The trial judge found that the premises were vacant to the
knowledge of the insured and came to this conclusion based on the
following criteria: the intention of the owner and the last tenant;
the presence or absence of possessions in the premises; the
circumstances under which any possessions found in the premises
may have been left or deposited there; the condition of the premises,
including whether the premises had utilities hooked up; the length of
time the premises may have been unoccupied; and the use typically
made of the premises.
On appeal, the insured argued that the house was not "vacant"

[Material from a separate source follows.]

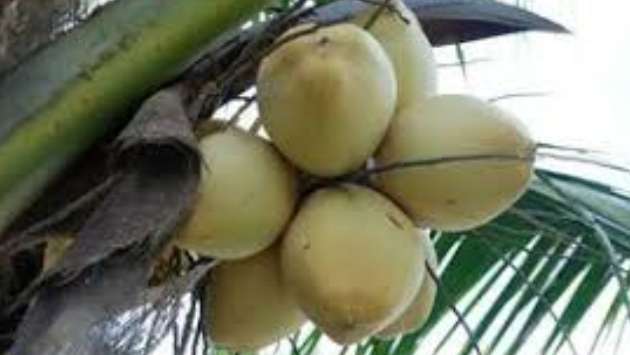 Govt. braces for coconut products imports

within the meaning of the policy because of the tenants fairly regular
visits to the solarium vegetable garden.
Relying on the leading British Columbia decisions of Hirst v. Commercial
Union Assurance Co. of Canada and Morton v. Canadian Northern
Shield Co., the Court applied a common sense approach with a view
to all of the circumstances and concluded that the occasional visits by
the tenants to the house did not change the status of the house from
being vacant to occupied. The tenants had not manifested any intent
to exercise dominion over the house, nor did they continue to consider
themselves to be tenants of the insured. Thus, the Court of Appeal
ruled the insurer was entitled to deny coverage on the basis of the
vacancy exclusion.
While the case is not particularly unusual or groundbreaking,
it contains a useful summary of the law in BC re the vacancy
exclusion and can be accessed on the BC Courts website at:
http://www.courts.gov.bc.ca/jdb-txt/ca/
05/05/2005bcca0599.htm
Readers with questions about the case or the exclusion
generally are welcome to contact Valerie Dixon (telephone:
604-891-7743 or e-mail: vsd@cwilson.com).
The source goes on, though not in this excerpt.